Example user question
Ask iQueue generates the draft assignment changes.
System
User reviews, edits if needed, and publishes manually.
Result
What made this safe:
Explicit instruction only.
Visible draft before publish.
Deterministic, reversible execution.
KEY TAKEAWAY
More autonomy required more visible safeguards, not more magic. The AI translated intent into action, but it never outran human authority.
The roadmap was a progression of earned autonomy
Ask iQueue wasn't designed to jump from answering questions to acting independently. I treated autonomy as something the product had to earn. That meant moving through three stages:
Help users access truth.
Help users evaluate options.
Help users execute intent inside clear safeguards.
That progression is the central product idea behind Ask iQueue.
ACT
Auto-Assign
AI performs bounded actions in draft mode
User reviews before publish
READ
AI Metrics Navigation
AI retrieves the right information
User verifies
RECOMMEND
Smart Booking
AI surfaces options
User decides
Value + Risk + Autonomy
KEY TAKEAWAY
I expanded capability only when the previous level of trust had already been earned.
This wasn’t a chat UI problem. It was a behavior design problem
Ask iQueue changed the unit of design. I wasn’t just designing screens or prompts. I was designing:
What the AI was allowed to do.
When it should ask for clarification.
How much trust it had earned.
That was the real product: not the chat interface, but the contract between human judgment and machine behavior.
KEY TAKEAWAY
I wasn’t designing a chatbot. I was designing the boundaries of trust.

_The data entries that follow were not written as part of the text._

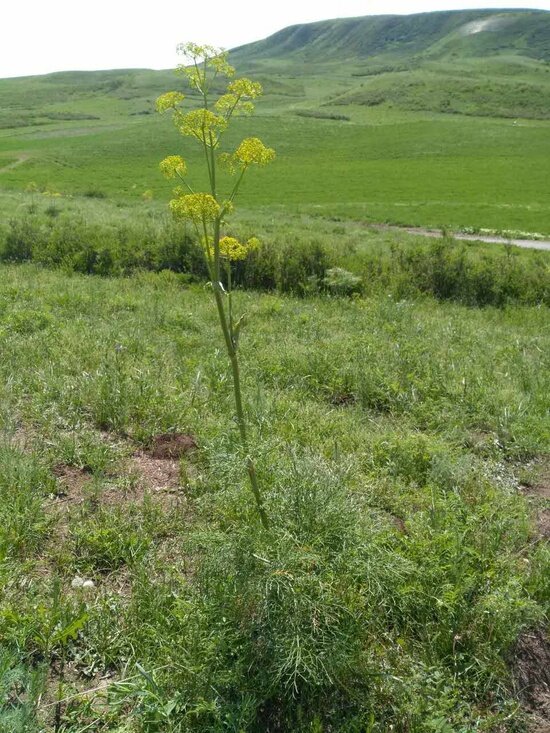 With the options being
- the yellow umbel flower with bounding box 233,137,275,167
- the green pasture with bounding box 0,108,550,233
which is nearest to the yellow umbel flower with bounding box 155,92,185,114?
the yellow umbel flower with bounding box 233,137,275,167

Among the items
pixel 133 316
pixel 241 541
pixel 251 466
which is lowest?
pixel 133 316

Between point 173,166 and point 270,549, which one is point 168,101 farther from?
point 270,549

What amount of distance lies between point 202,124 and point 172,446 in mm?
3614

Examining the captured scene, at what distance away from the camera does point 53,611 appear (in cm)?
382

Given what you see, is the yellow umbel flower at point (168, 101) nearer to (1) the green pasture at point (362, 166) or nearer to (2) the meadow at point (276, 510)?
(2) the meadow at point (276, 510)

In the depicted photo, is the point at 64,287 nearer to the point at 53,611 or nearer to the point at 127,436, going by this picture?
the point at 127,436

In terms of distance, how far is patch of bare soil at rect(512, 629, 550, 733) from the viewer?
3.68 m

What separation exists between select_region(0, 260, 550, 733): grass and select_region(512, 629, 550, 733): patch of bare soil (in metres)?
0.10

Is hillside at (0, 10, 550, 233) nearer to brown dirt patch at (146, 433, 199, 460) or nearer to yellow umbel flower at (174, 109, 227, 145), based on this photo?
brown dirt patch at (146, 433, 199, 460)

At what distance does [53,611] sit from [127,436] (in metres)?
2.84

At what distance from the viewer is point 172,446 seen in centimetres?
629

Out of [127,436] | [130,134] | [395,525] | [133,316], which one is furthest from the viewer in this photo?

What this taught me about designing AI products
Ask iQueue left me with a simple belief: the best AI products don't start with autonomy. They earn it.
Start with what users can verify.
Make the limits obvious.
Let the model interpret, but not pretend to know.
Never ask people to trust the system more than it deserves.
KEY TAKEAWAY
The best AI products are not the ones that feel smartest. They’re the ones that make trust feel rational.